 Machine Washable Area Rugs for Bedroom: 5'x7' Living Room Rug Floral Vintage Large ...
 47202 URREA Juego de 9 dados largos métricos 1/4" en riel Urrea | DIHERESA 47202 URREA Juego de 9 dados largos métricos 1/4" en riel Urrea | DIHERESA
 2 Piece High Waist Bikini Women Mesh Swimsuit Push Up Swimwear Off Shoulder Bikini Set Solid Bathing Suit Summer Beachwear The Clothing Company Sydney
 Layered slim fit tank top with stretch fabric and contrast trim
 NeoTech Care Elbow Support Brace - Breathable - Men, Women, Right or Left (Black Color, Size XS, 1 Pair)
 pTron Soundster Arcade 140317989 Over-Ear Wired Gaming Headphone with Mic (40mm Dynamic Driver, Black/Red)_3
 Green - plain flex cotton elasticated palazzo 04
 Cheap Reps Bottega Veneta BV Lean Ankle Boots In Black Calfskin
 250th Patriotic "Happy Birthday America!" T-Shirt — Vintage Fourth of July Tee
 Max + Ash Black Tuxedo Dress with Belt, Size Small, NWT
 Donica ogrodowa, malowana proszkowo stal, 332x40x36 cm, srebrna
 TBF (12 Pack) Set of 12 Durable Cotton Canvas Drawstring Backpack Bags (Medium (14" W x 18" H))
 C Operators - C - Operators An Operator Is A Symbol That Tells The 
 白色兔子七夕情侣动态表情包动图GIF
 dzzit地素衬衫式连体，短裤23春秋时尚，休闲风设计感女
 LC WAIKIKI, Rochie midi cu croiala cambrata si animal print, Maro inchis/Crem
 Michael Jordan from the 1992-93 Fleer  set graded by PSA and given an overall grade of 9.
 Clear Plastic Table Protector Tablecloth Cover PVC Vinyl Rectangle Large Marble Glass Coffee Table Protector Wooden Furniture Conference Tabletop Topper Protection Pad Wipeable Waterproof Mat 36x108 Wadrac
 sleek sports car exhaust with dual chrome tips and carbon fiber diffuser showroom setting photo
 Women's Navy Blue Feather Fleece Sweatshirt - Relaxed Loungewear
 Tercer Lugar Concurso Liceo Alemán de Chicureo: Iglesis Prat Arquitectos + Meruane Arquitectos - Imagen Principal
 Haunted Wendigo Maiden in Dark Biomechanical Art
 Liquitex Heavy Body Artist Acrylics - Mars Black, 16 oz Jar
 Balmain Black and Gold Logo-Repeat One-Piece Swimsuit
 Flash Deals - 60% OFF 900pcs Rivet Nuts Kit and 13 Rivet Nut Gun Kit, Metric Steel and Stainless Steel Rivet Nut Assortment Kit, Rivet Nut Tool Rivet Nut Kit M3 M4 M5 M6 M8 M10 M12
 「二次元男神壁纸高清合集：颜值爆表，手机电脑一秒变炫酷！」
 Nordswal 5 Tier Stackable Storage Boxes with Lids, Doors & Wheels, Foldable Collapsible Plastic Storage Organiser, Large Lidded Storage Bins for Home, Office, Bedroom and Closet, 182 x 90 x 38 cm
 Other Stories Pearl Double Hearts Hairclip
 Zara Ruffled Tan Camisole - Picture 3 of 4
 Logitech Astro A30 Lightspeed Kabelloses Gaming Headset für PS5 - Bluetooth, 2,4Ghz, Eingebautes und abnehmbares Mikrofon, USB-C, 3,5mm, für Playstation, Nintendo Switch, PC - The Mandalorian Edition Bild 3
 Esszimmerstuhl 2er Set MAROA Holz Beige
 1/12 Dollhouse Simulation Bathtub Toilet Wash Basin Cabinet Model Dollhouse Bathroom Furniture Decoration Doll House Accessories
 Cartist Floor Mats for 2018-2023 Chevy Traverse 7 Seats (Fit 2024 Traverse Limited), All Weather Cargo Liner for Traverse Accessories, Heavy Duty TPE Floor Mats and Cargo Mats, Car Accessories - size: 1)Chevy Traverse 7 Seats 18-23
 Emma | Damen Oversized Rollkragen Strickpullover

- **TASK TO CARRY OUT**
Report only how many lines in the listing contain the string "Bedroom".

- **TASK OUTPUT**
2